Bioactivities of HIF-1α are related to the oxygen concentration in surrounding environment and relevant signaling pathway. Hypoxia has been identified as a predominant cause to HIF-1α activation (Li et al., 2015[18]). Since HIF-1α is a key up-stream modulator of MDR-1, it is easy to understand that MDR-1 expression was raised under hypoxia (Zhan et al., 2015[31]). HIF-1α abundance and activity are also regulated by PI3K/AKT signaling pathway. Considering there is a crosstalk between AEG-1 and PI3K/AKT signal, we hypothetise that AEG-1 may be implicated in the regulation of HIF-1α and its downstream target MDR-1 (Jiao and Nan, 2012[10]). The present study showed that PI3K and AKT expression were down-regulated with AEG-1 knockdown, but their inhibitor, PTEN, was up-regulated. It indicates that AEG-1 exerts promoting effects on PI3K/AKT signal in hypoxic HCC cells.

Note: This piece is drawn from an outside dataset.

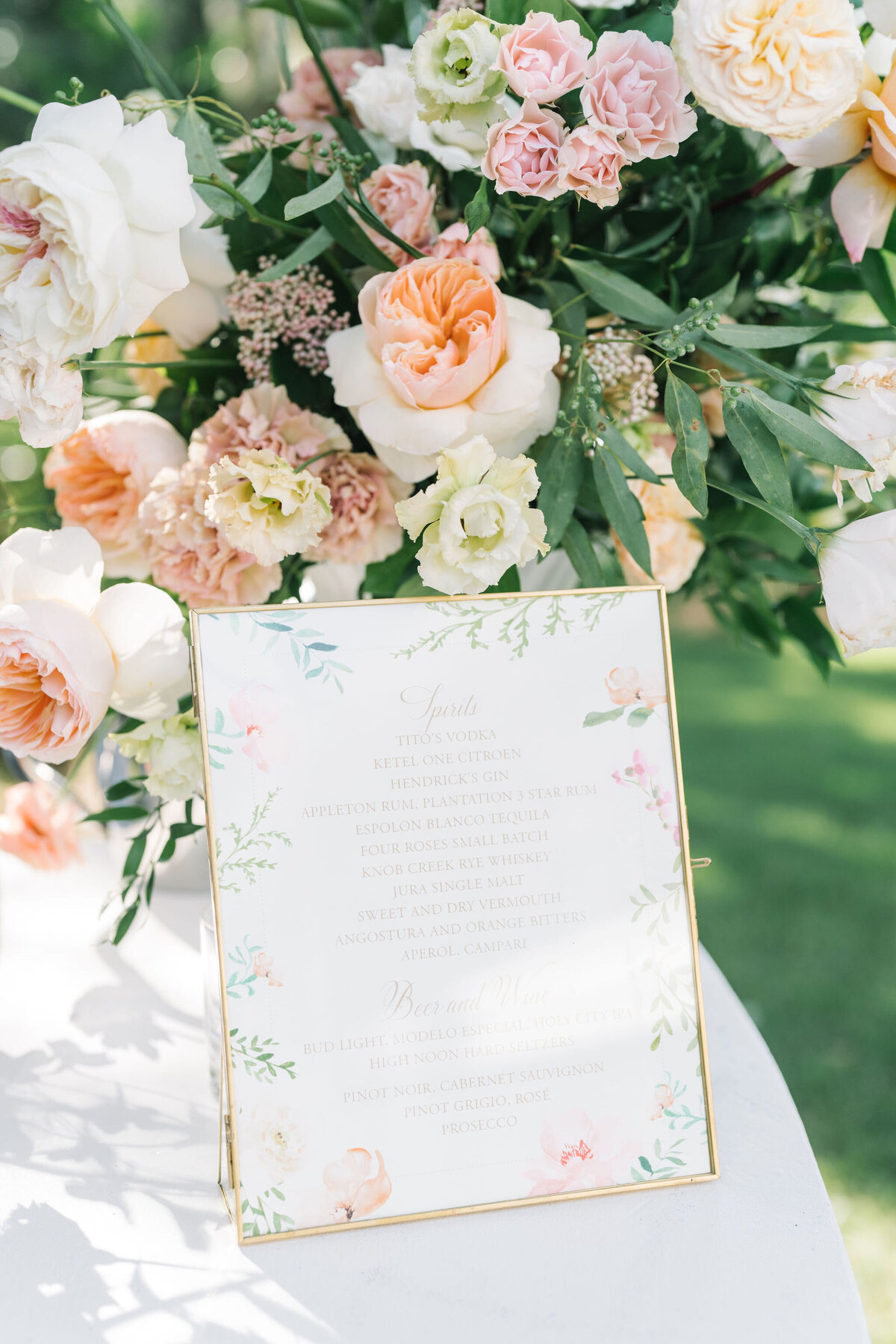 Jessica + Jared - Tented Wedding at Legare Waring House - Pure Luxe Bride Wedding Planners - 8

As we expected, attenuated PI3K/AKT signal that was resulted from AEG-1 depletion resulted in inhibition of HIF-1α/MDR-1 pathway, thus it is suggested that AEG-1 positively modulated MDR-1 expression in hypoxic HCC via the stimulation of PI3K/ AKT/HIF-1α signaling pathway.

In conclusion, this study for the first time presented evidence that AEG-1 is associated with hypoxia-induced HCC chemoresistance. Further, we revealed that the AEG-1 stimulating PI3K/AKT/HIF-1α/MDR-1 is underlying the mechanisms by which AEG-1 promotes the chemoresistance. This study contributes to the target therapy that overcomes the multidrug resistance in HCC.

Acknowledgements

The authors thank Professor De-Wu Zhong for his valuable suggestions and critical revision of the manuscript.